If tobacco firms and other companies she considers to be morally compromised refrain from contributing to the national effort to combat COVID-19 and its deadlier mutations, how far could the government go by its lonesome?
Ms. San Luis is profuse in the defense of the World Health Organization as if the global body is a pristine, sinless institution when it is anything but: "This is why the WHO Framework Convention on Tobacco Control (FCTC) reminds parties to be vigilant against 'efforts by the tobacco industry to undermine or subvert tobacco control efforts,' and why Article 5.3 of the WHO FCTC calls on parties to protect tobacco control policies from commercial and other vested interests of the tobacco industry."
Human Rights Watch director Ken Roth said the WHO was guilty of "institutional complicity" when it gave credence to some of Beijing's early claims about the COVID-19 outbreak. "WHO has absolutely refused as an institution to say anything critical about China's cover-up of human-to-human transmission, or its ongoing refusal to provide the basic evidence," Roth said.
"What we need is an honest, vigorous inquiry rather than further deference to China's cover-up efforts."

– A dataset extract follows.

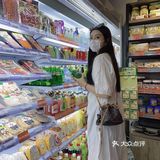 其实也没有什么太特别的技巧,重点是要放松,不要太摆拍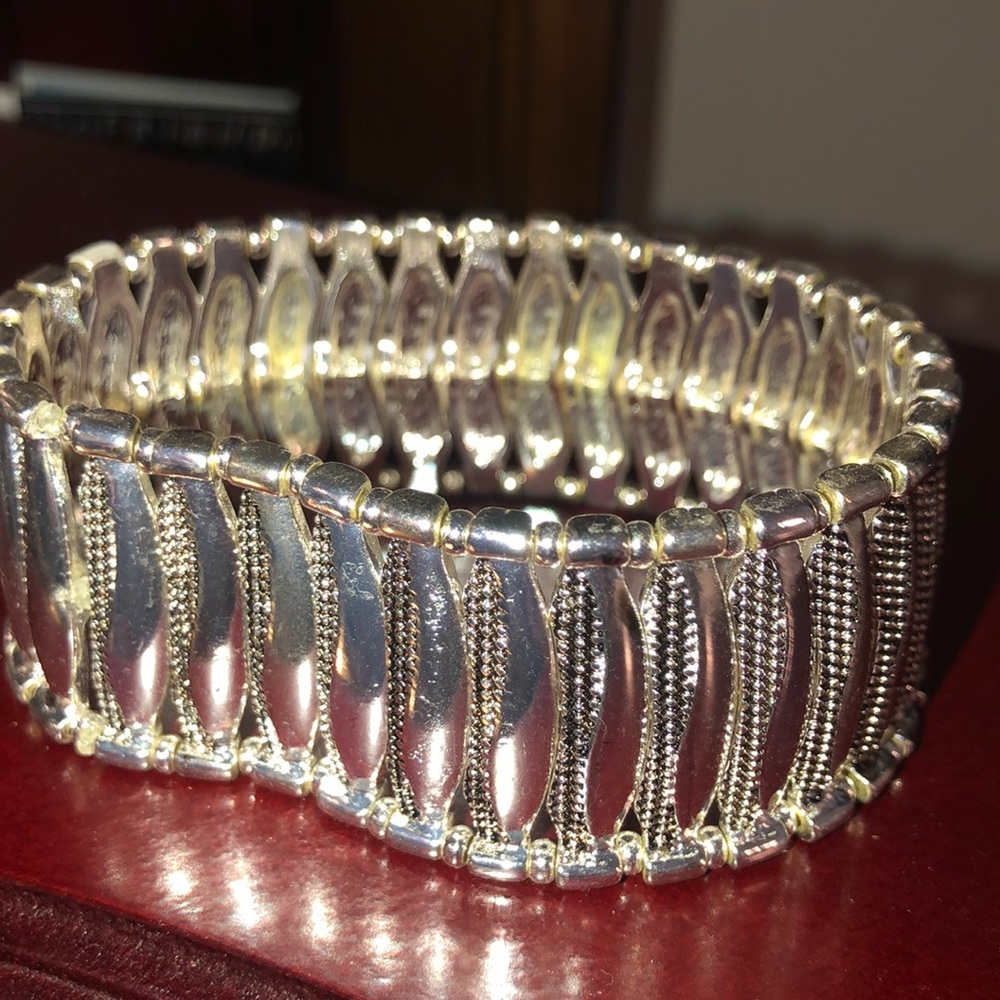 Silver Bangle Bracelet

Ms. San Luis’ spirited defense of the Department of Health on the matter of donations from foreign charity arms of rich private individuals, unabashedly opposed to fresh initiatives favoring alternatives to combustible cigarettes, is simply breathtaking in its feeble grasp of the issue: "Is the DOH compromised by foreign donations meant to help the country achieve sustainable development goals to reduce premature deaths from noncommunicable diseases by one third by 2030? Or does the conflict lie in defending an industry that peddles a product guaranteed to kill one-half of its users?"
Isn’t there something morally suspect in foreign private entities endowing government regulators?

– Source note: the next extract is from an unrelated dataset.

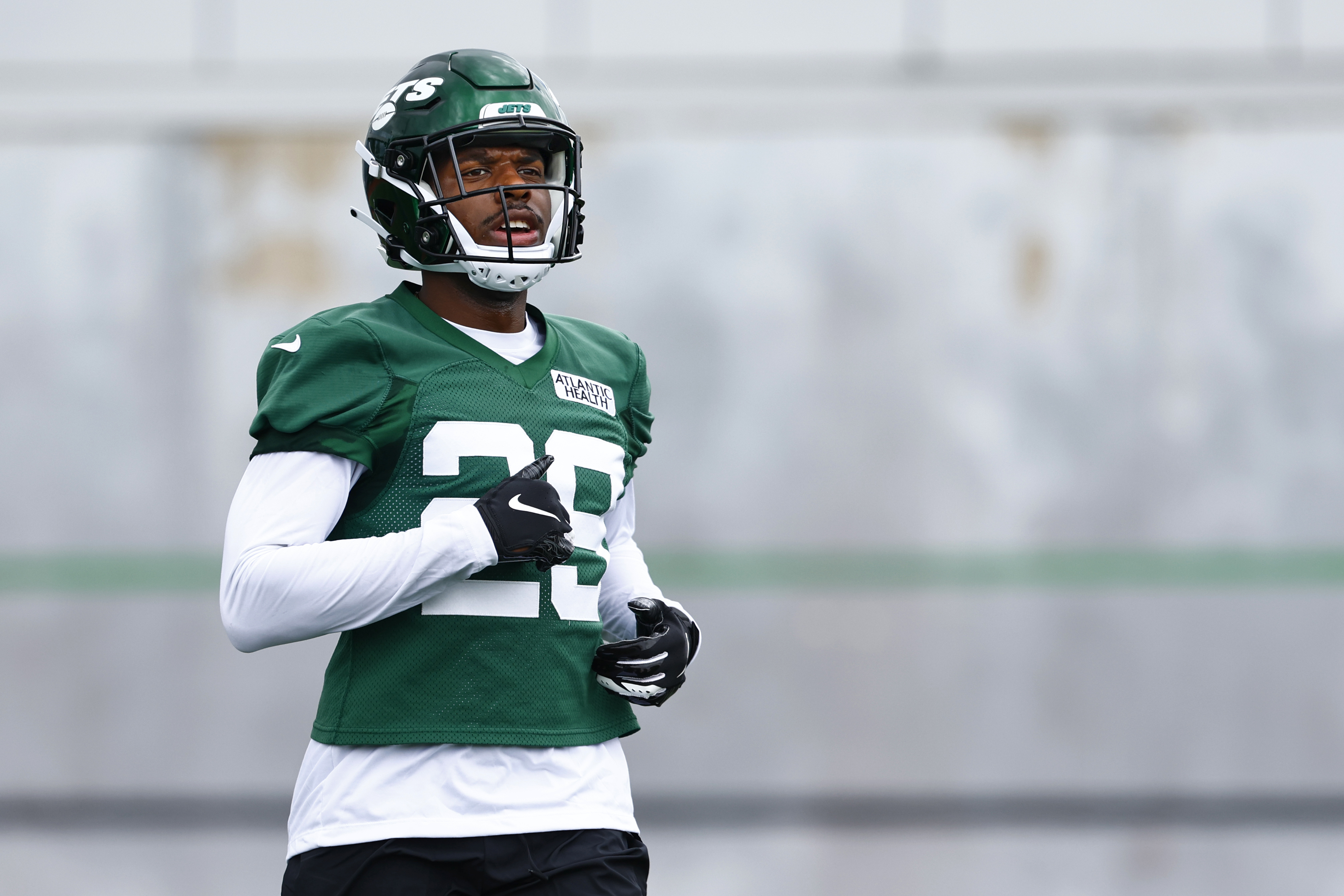 First look at Kwon Alexander taking the field at NY Jets camp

There are actual laws banning solicitation and receipt by government agencies and their officials of such foreign grants. When such solicitation and receipt are publicly acknowledged by the officials involved, then violations are committed requiring penalties and other sanctions set by law. Is a moral, public health objective justified by prohibited official acts? – Rappler.com
Clarisse Yvette P. Virgino is the Philippine representative of CAPHRA (Coalition of Asia-Pacific Tobacco Harm Reduction Advocates), which aims to educate, advocate, and represent the right of adult alternative nicotine consumers. She was able to quit smoking by switching to vaping. She is a consumer advocate for tobacco harm reduction, a contributor to a health magazine, and a law student.